TORONTO – In the face of raw material cost increases, currency impacts and prepared meats price increases, among other thingss, Maple Leaf Foods Inc. announced for the second quarter ended June 30 its net earnings were $3.0 million (US$2.9 million) compared to $4.9 million (US$4.7 million) last year. Sales for the second quarter decreased 4% to $1,271.4 million (US$1,227.4 million) compared to $1,320.8 million (US$1,275 million) last year.

However, adjusted operating earnings increased 20% to $52.2 million (US$50.4 million) from $43.6 million (US$42.1 million) last year. Adjusted earnings per share increased 42% to $0.17 (US$0.16) compared to $0.12 (US$0.12) last year.

"We are very pleased with the continued steady improvements across our business in spite of challenging market conditions." said Michael McCain, president and chief executive officer. "The protein business saw healthy improvements in financial performance while facing significant raw material cost increases. We expect this trend of improvement to continue."

Sales declined due to currency impacts on U.S. and U.K. bakery operations and fresh pork sales, as well as lower sales volumes in prepared meats. These impacts were partly offset by higher sales values of fresh pork.

Adjusted operating earnings increased year-to-year mostly due to better performance in the Meat Products Group, the company said. Maple Leaf’s Meat Products Group Includes value-added prepared meats, chilled meal entrées and lunch kits; and fresh pork, poultry and turkey products sold to retail, foodservice, industrial and convenience channels. Includes leading Canadian brands such as Maple Leaf, Schneiders and many leading sub-brands.

Meat Products Group sales for the second quarter declined 2% to $815.7 million (US$787.6 million) from $830.4 million (US$801.7 million) in the second quarter last year. Price increases in the prepared-meats business had the expected effect of reducing volumes in the short-term as consumers adjust to new price levels. What’s more, the impact of a stronger Canadian dollar on fresh pork sales and the exit of a non-core business category reduced sales. These impacts were partly offset by improved pork markets and increased net pricing in prepared meats.

Adjusted operating earnings in the Meat Products Group increased to $14.4 million (US$13.9 million) compared to $1.7 million (US$1.6 million) last year reflecting better results in the company's fresh-poultry operations due to improved markets and operating efficiencies. Prepared-meats business earnings were impacted by higher meat prices and lower volumes. Meat prices continued to be significantly higher than the prior year, following very material increases in December 2009.

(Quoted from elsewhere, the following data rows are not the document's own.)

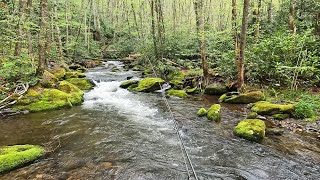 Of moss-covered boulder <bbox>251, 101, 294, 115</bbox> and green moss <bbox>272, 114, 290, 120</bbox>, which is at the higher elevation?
moss-covered boulder <bbox>251, 101, 294, 115</bbox>

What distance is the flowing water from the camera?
4691 millimetres

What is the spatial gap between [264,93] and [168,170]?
6.74m

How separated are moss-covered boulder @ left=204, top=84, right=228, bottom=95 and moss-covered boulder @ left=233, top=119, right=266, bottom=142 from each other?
15.5 feet

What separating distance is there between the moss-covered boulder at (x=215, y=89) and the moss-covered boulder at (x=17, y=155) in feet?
25.4

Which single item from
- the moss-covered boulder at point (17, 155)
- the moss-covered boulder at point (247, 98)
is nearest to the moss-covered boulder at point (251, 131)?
the moss-covered boulder at point (247, 98)

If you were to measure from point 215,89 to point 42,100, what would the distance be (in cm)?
712

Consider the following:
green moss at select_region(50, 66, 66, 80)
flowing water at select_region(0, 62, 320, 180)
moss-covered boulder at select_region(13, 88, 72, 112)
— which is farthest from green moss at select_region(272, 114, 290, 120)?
green moss at select_region(50, 66, 66, 80)

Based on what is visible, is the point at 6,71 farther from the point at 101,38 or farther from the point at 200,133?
the point at 101,38

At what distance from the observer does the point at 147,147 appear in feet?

During the second quarter, the company began implementing price adjustments and will complete this process in the third quarter. As a result, increased raw-material costs were only partly recovered during the second quarter. Earnings from pork primary processing declined as export margins were reduced by the stronger Canadian dollar. This decline was partly offset by improved North American industry market conditions.

During the second quarter, the company initiated the process to sell its primary pork processing plant in Burlington, Ontario, which processes approximately two million hogs annually.